Exact copies of all the lines below are wanted, without a single picture.

▶ DATASET CONTENT:

━━━━━━

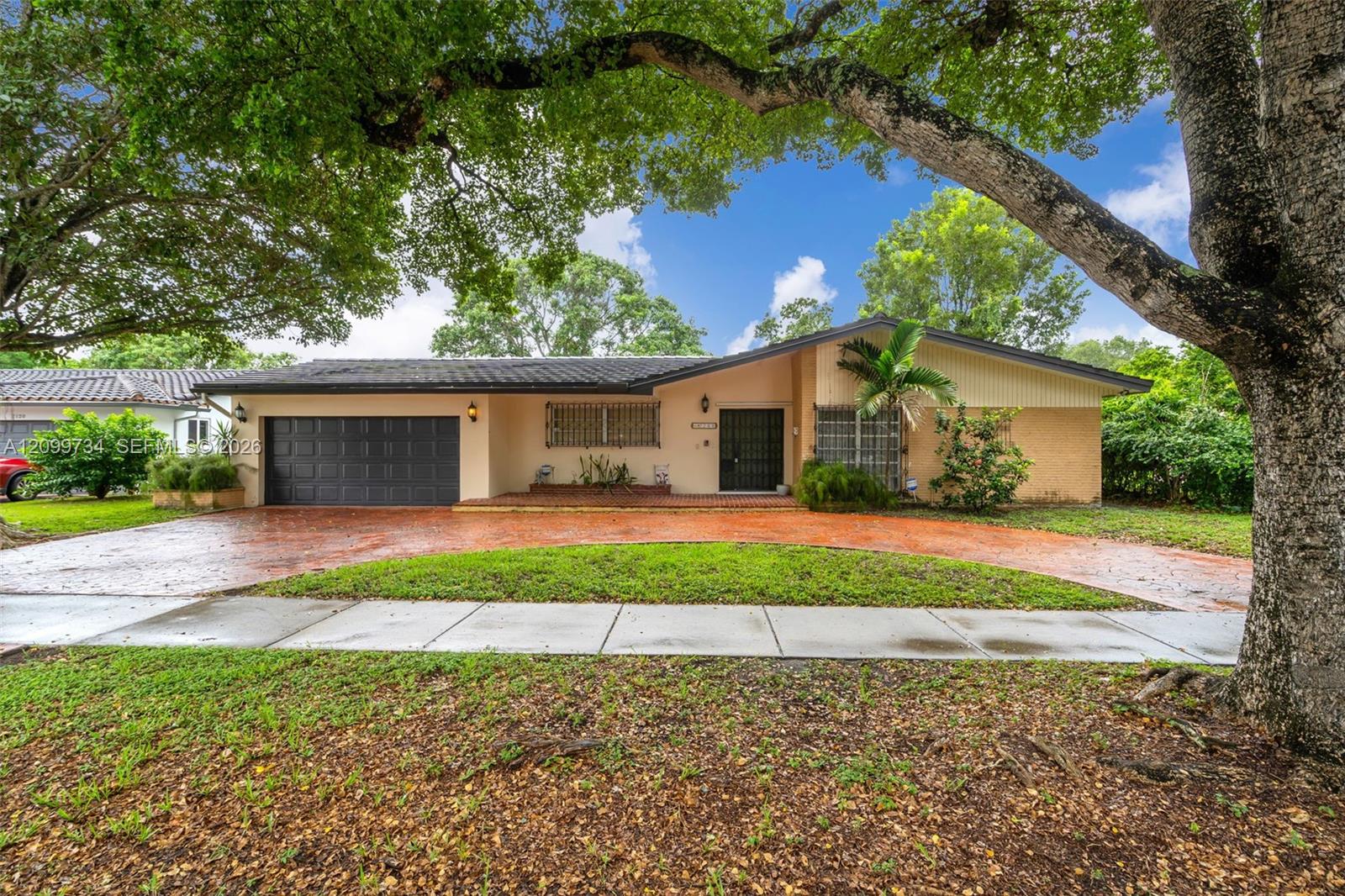 7200 S Miami Lakeway S Property Photo 1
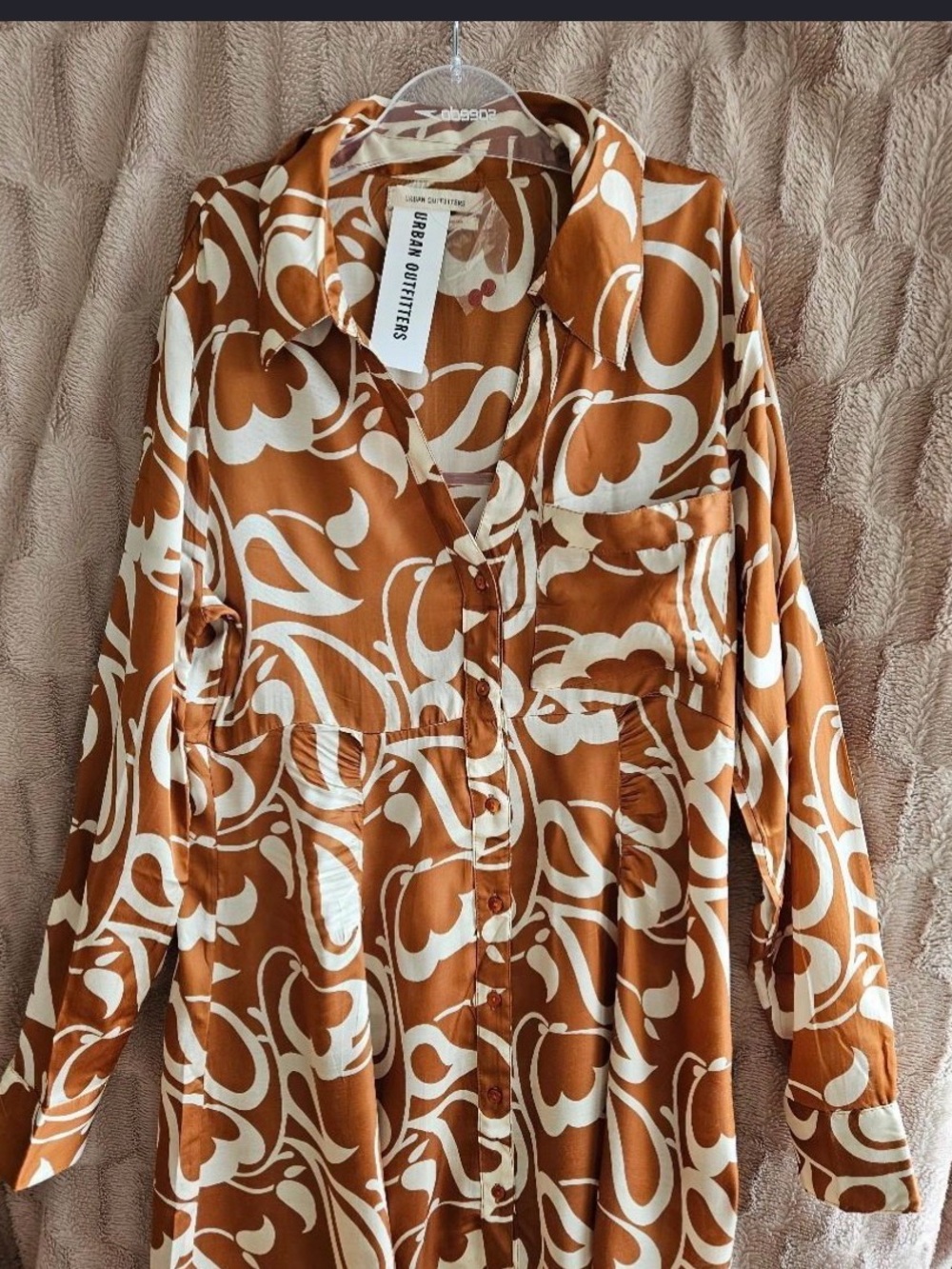 Urban Outfitters Brown & Cream Retro Satin Button down Mini Dress Size Large NWT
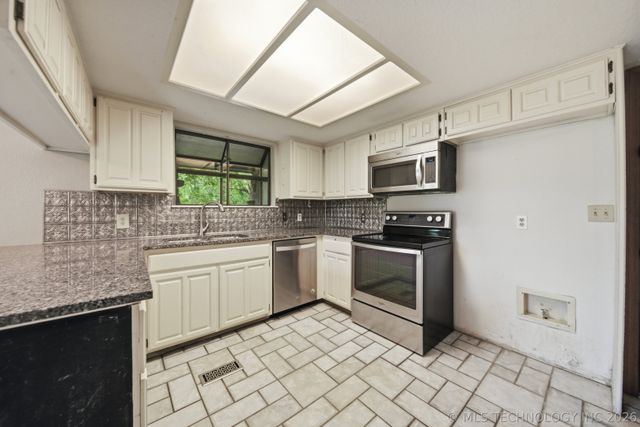 182 Spunky Creek Drive, Catoosa, OK 74015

━━━━━━

▶ YOUR SOLUTION:
 7200 S Miami Lakeway S Property Photo 1
 Urban Outfitters Brown & Cream Retro Satin Button down Mini Dress Size Large NWT
 182 Spunky Creek Drive, Catoosa, OK 74015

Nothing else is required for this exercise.